Reducing Dark Circles Under Eyes

Although you don’t see this on the cover of magazines, most people have dark circles under their eyes. In fact, as long as your subject isn’t four years old, it’s almost a certainty that they’re going to have some kind of dark circles under their eyes. And, depending on the lighting you use, you can make them less noticeable, or more so, but they’re almost always there. Here’s not only how to reduce or remove them, but how to deal with one of the most annoying side effects of using the Healing Brush (or the Patch tool) to do this type of retouch.

Step One.
Open a photo that has dark circles beneath the eyes that you want to lessen (you have to choose whether you want to reduce them or remove them all together.
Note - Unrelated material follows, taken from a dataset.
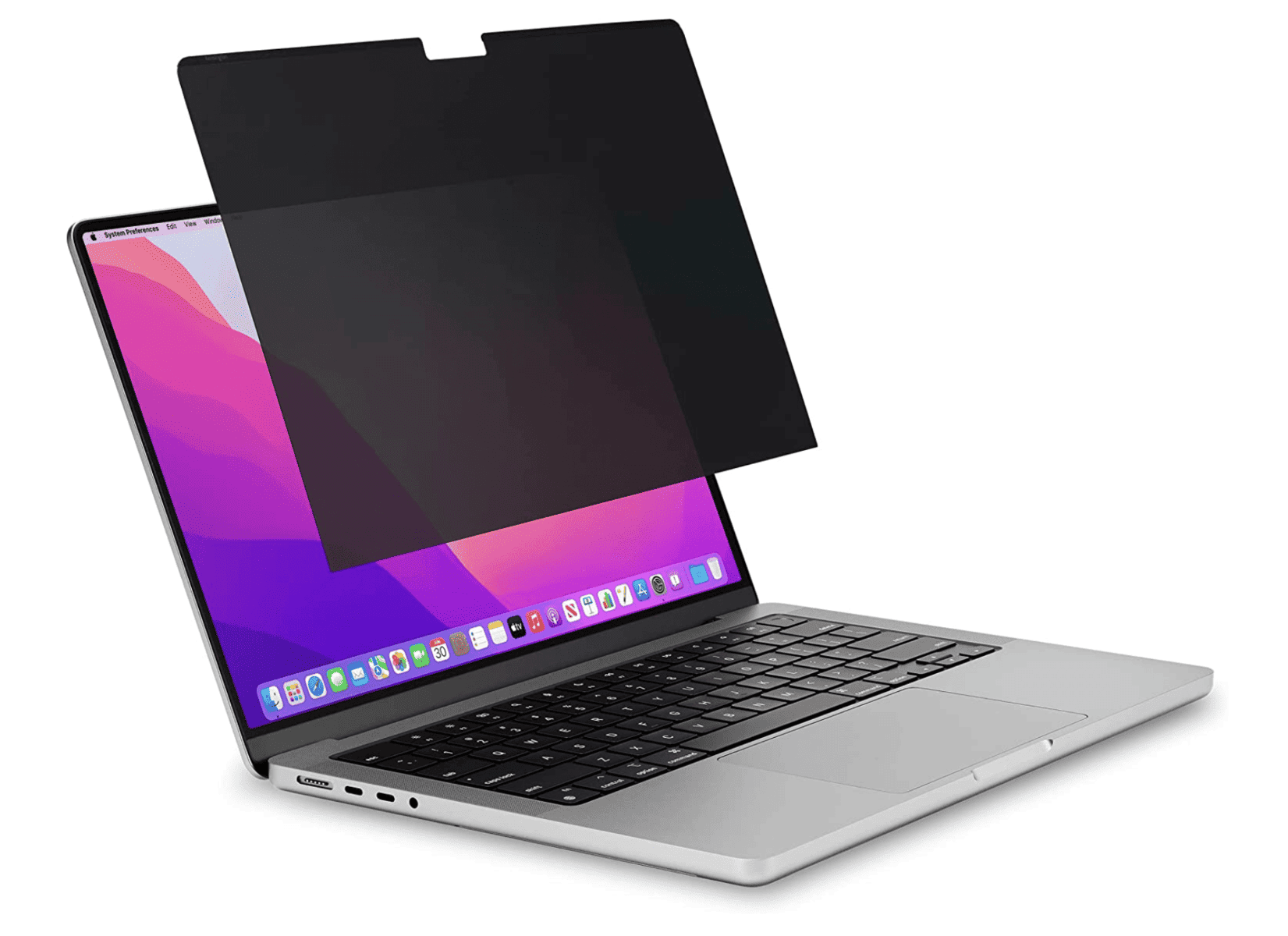 MacBook Pro 13.3 inch Privacy Filter MAGNETIC - 299x195mm (A2159, A1706, A1989, A1708, A2338, A2337, A2289, A2251, A2179)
You’ll have to make the call based on the subject’s age—if they’re over 30, just reduce them).

Step Two.
Start by zooming in on the eye area and then pressing Command-J (PC: Ctrl-J) to duplicate the Background layer (so we’re working on a copy of the Background. This is important, because we’re going to use this layer to control the amount of removal later on). Get the Healing Brush tool (press Shift-J until you have it) and, in the Options Bar, choose a small, hard-edged brush from the Brush Picker, and make sure the Sample pop-up menu is set to Current Layer. Now, totally remove the dark areas by Option-clicking (PC: Alt-clicking) in a nearby area that has kind of the same skin tone as where the dark areas are (usually just below the dark area). Then, paint over the dark areas (and wrinkles) to get completely rid of them as best you can (as seen here). It looks a little artificial at this point (though, you see this look on magazine covers all the time), but we’ll adjust that later. For now, just remove the dark areas.

Step Three.
Although the Healing Brush does a pretty decent job of getting rid of the dark areas, it usually leaves kind of a smeared dark area under the eye, which stinks, because you’re trying to remove the dark circle, right? So, this retouch usually requires two tools: you start with the Healing Brush (like we just did in Step Two) and then you switch to the Clone Stamp tool. So, get the Clone Stamp tool (S) from the Toolbox, then go up to the Options Bar, lower the Opacity of it to around 40%, then change the Mode pop-up menu to Lighten (that way, when you use the Clone Stamp tool, you’ll only affect areas that are darker than the area you sampled).

Step Four.
Press-and-hold the Option (PC: Alt) key and click once in an area near the eye that isn’t affected by the dark circles. If the cheeks aren’t too rosy (like in this image), you can click there to sample, but more likely you’ll sample an area just below the dark circles under the eyes.

Step Five.
Now, take the Clone Stamp tool and paint a stroke (from left to right) over the dark circles to lessen or remove them. It may take two or more strokes for them to pretty much disappear (go right, then back to the left, and so on), so don’t be afraid to go back over the same area again, if the first stroke didn’t work.

Step Six.
You can control the amount of dark circle area and wrinkles appearing under the eye by lowering the Opacity of the top layer. Here, I’ve lowered it to 60%, so just a little tiny bit of the natural dark circle area and wrinkle appear, and of course, the whole retouch now looks much more natural. That being said, remember—there may be situations where, as the retoucher, you decide that for a particular subject (or intended use) you don’t want any dark circles or wrinkles to appear whatsoever. If that’s the case, just leave the layer opacity at 100%. But, that’s a call only you can make. A before and after (at 60% opacity) is shown on the next page.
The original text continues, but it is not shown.